Learn Document Embedding using Facebook StarSpace

Published in

Deep Learning HK

3 min readJun 23, 2019

This seems to match with the title “Starspace”

Recently I have come across a tool called StarSpace which is created by Facebook. StarSpace catches my eyes because it learns to represent different objects into the same embedding space. In order words, it learns embeddings and used these embeddings to complete a lot of different tasks, below are some examples

Word / Tag embeddings (map from a short text to relevant hashtags)
Document recommendation (embed and recommend documents for users based on their historical likes/click data)
Sentence Embeddings (given the embedding of one sentence, one can find semantically similar/relevant sentences)

StarSpace could archive many more tasks, as long as you prepare the data in the right format. And in this blog post, I am going to use StarSpace to learn document embeddings to predict the category of the document, all the code is available here.

Compute Document Similarity Using Autoencoder With Triplet Loss

Generate embeddings using Denoising Autoencoder with Triplet Loss and then calculate cosine similarity of embeddings

medium.com

In my previous post, I have showed how to compute document embeddings using autoencoder with triplet loss and the learned embeddings is able to preserve categorical similarity between documents. And now I am going to use StarSpace to do that same task one more time.

Tasks

Using news content to predict its category
Examine the learned embeddings

Prepare training data

Since StarSpace does not do tokenisation, I have to first tokenise the news.

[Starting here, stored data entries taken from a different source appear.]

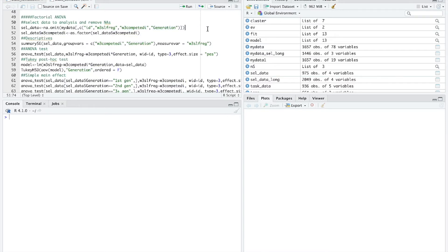The second variable is generation, which is generational status. First generation students were born outside the US and then moved here. Second generation students were born in the US but have a mother or father who was born outside the US. Third generation students were born in the US and both parents were also born in the US. That is my second categorical independent variable.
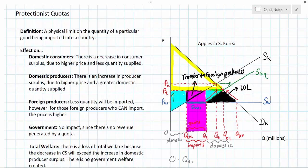The big difference between the quota and the tariff is that the quota actually increases the price that foreign producers who can get their goods to market are selling those goods for, so it transfers welfare from domestic consumers to foreign producers. Additionally, it does not create government revenue as a tariff does, meaning there is no additional tax revenue that can be used to provide public or merit goods to the people of the country.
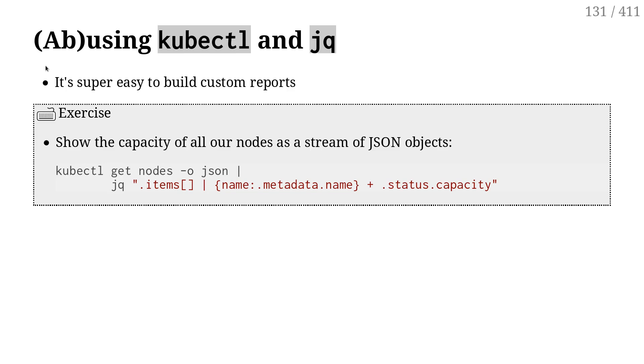JQ is the Swiss Army knife of JSON manipulation. You can use it to extract information from a JSON thing.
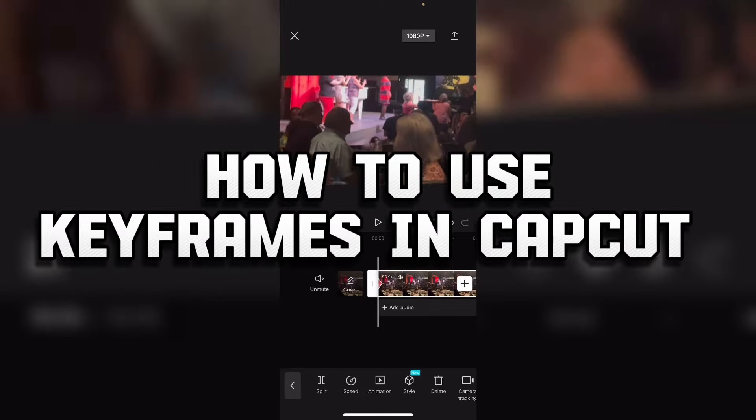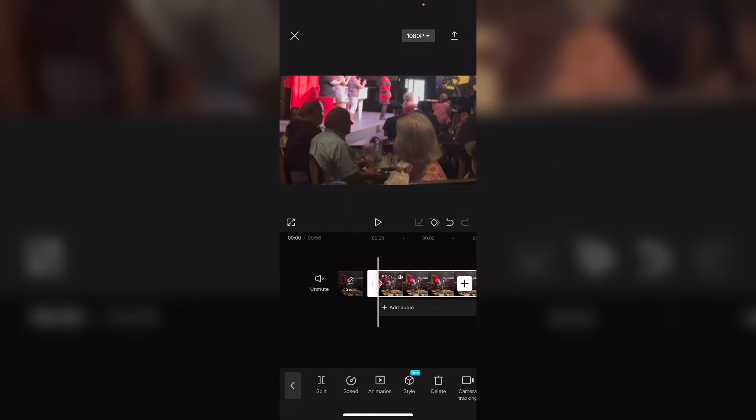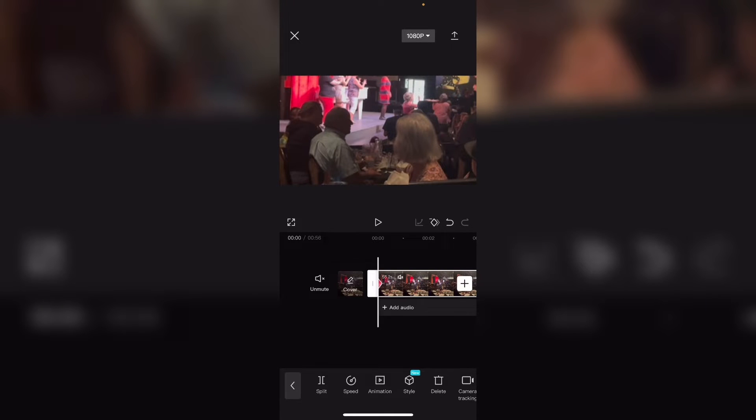I will be using keyframes to keep the performers on stage in the center of the screen throughout the entire clip. If you tap on the little diamond next to the undo and redo buttons, this will add a keyframe.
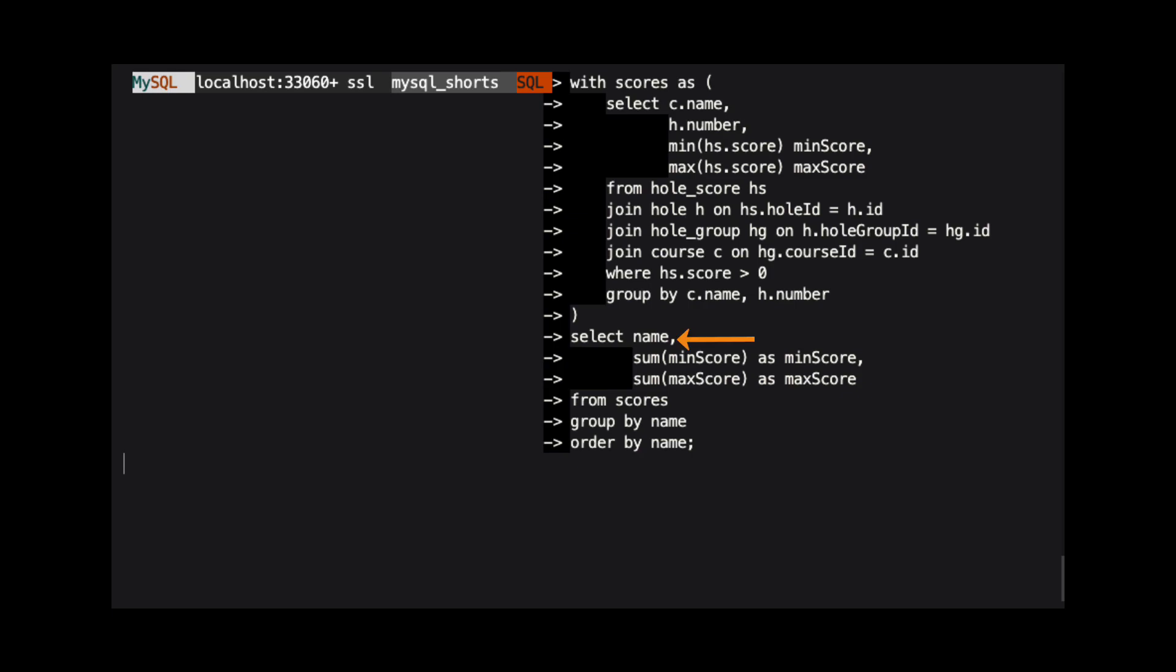The name column, which is the name of the course. The sum of the values of the min score column. And the sum of the values from the max score column. Then we group the results by the name column.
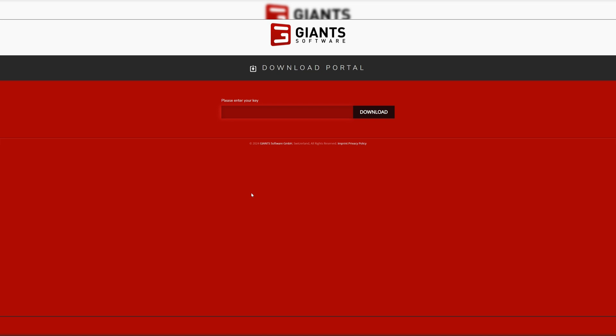You can add games externally. So say FS25 has just dropped, you'd get your pre-order code, type it in here, download the game. It'd be on your desktop as a shortcut, but the files would be stored in your program files.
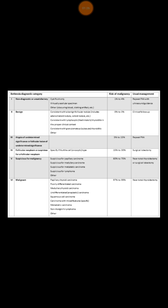The second category is Thy 2. Thy 2 is a benign lesion, so you don't really need to worry much. Clinical follow-up may be required.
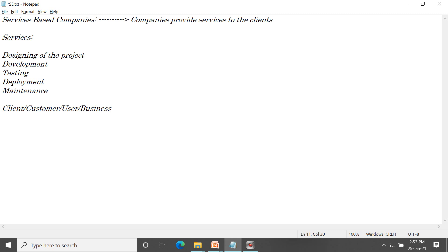In software companies, the terms client, customer, and user are all used. However, user and end user are different. Client is also called a customer, and also called a business. Services based companies are the companies which provide services to the clients — that is, to the customers or the business.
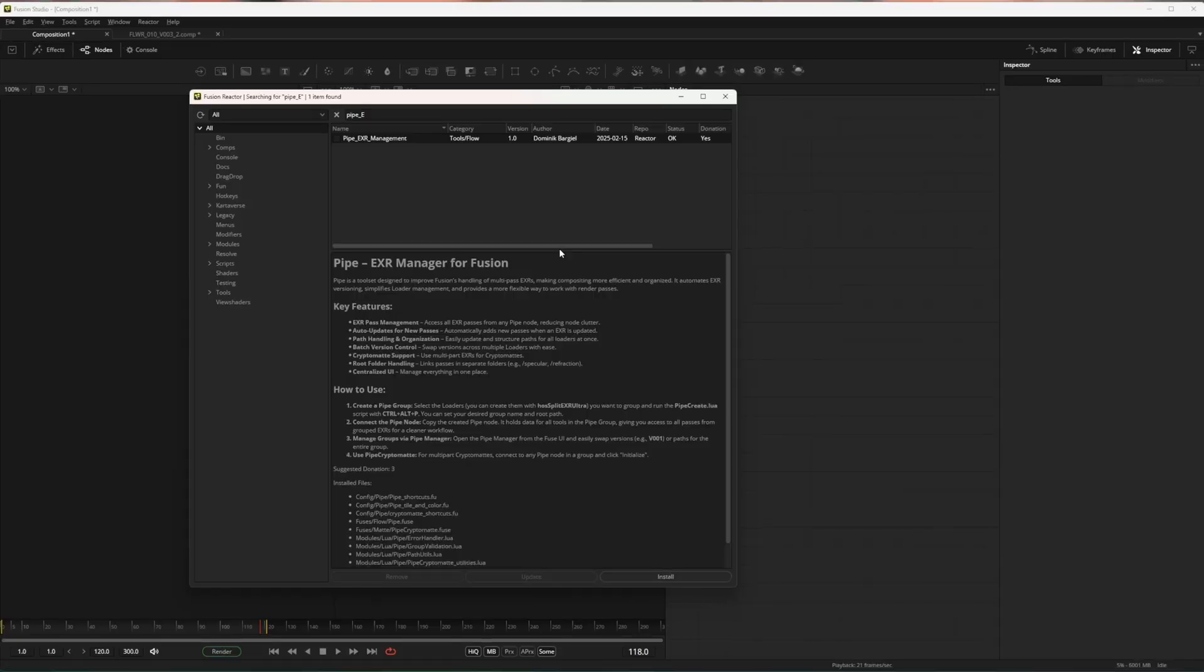The timing is somewhat unfortunate as Blackmagic has updated the handling of multi-layer EXRs in Fusion 20, but I hope these tools can still find a place in your workflow.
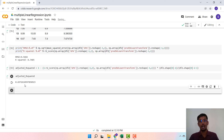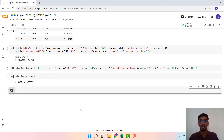This is how you implement multiple linear regression in Python using either statsmodels or sklearn. Thank you.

Note that each line corresponds to a news and its label, all separated by space.

Training

Following command is used to train a model using StarSpace and then use the model to get back the embeddings.

> starspace train -trainFile uci_train_starspace_formatted.txt -model uci_starspace -trainMode 0 -validationFile uci_validate_starspace_formatted.txt -dim 50 -epoch 50 -negSearchLimit 1 -thread 20 -lr 0.001> embed_doc uci_starspace uci_train_starspace_formatted.txt > uci_train_starspace_embed.txt

Results

Same as the last blog post, I will evaluate the performance of the embeddings by checking the AUROC of cosine similarity of similar articles (article of the same category or same story).

The graphs above compare the embeddings trained using StarSpace with simple Tfidf, we see that StarSpace embeddings is better in preserving categorical similarity.

AUROC results using Testing Data
+---------------------+--------------+-----------+
|                     | Category Sim | Story Sim |
+---------------------+--------------+-----------+
| Triplet Autoencoder |         0.78 |      0.92 |
| StarSpace           |         0.93 |      0.90 |
+---------------------+--------------+-----------+

The above table compare the StarSpace embeddings with the triplet embeddings (trained in previous blog post), we see that StarSpace does a significantly better job in preserving categorical similarity without too much loss in story similarity.

Conclusion

StarSpace seems to be a powerful tool to train embeddings of documents, it is very fast (the training took just a few minutes on my laptop) and easy to use.